This is exercice 5.4 from Miles Reids Undergraduate Commutative Algebra.
Let $k$ be an algebraically closed field. For $f \in k[x_1,...,x_n]$, write $V(f) \subset k^n$ for the hypersurface defined by $f=0$.
Using Hilberts Nullstellensatz, one can show that:
Claim: if $f$ is irreducible and $f$ does not divide $g$, then $V(f) \not\subset V(g)$ (see this post of mine).
From this result, I want to deduce the following.
If $g= $ cst $\cdot \, \,\Pi \, \,f_i^{n_i}$, then the irreducible components of $V(g)$ are of the form $V(f_i)$.
If I understand correctly, this follows from the counterpositive statement of the claim above.
Indeed, for any $f_i$, we have that $V(f_i) \subset V(g)$ and hence $f_i$ is either irreducible or $f_i$ divides $g$. If $f_i$ is irreducible, we are done. If not, we can reiterate the process until we get irreducibility.
Does this make sense?
Thank you for all your comments and remarks.
You can't just use the contrapositive of the quoted result, you need the if and only if form. I.e., that $f\mid g$ if and only if $V(f)\subseteq V(g)$.

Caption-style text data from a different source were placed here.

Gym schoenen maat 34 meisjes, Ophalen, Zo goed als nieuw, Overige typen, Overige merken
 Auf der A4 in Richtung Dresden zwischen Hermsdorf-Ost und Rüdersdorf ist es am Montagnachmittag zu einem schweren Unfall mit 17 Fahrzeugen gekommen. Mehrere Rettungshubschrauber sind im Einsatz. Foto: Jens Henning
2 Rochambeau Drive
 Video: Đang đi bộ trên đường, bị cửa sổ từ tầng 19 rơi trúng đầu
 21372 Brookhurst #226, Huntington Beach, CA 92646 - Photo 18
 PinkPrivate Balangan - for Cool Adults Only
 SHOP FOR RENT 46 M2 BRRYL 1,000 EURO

Your proof is phrased rather weirdly, and I can't quite tell what you're saying. I thought that the $f_i$s were the irreducible factors of $g$, but then you conclude that $f_i$ is either irreducible or $f_i$ divides $g$, which makes no sense as a conclusion if the $f_i$s are irreducible factors, since we know both of those things about $f_i$ from the start.
The correct proof goes like this.
Let $g=c\prod_i f_i^{n_i}$ with the $f_i$s irreducible polynomials with $f_i$ not an associate of $f_j$ for $i\ne j$, and $c\in k$. Then $f_i\mid g$, so $V(f_i)\subseteq V(g)$. Moreover, if $a\in k^n$ with $g(a)=0$, then $\prod_i f_i(a)=0$, so for some $i$, $f_i(a)=0$. Thus $a\in V(f_i)$ for some $i$. Thus $V(g)\subseteq \bigcup_i V(f_i)$. Thus we have that $$ V(g) = \bigcup_i V(f_i).$$
It just remains to check that $V(f_i)$ is irreducible. Suppose not, then there are $g$ and $h$ such that $V(f)\subseteq V(gh)$, but $V(f)\not\subseteq V(g)$ and $V(f)\not\subseteq V(h)$. Using that $f\mid g$ if and only if $V(f)\subseteq V(g)$, this translates to the existence of $g$ and $h$ such that $f_i\mid gh$, but $f_i\nmid g$ and $f_i\nmid h$, which contradicts the irreducibility of $f_i$, since irreducibles are prime in $k[x_1,\ldots,x_n]$.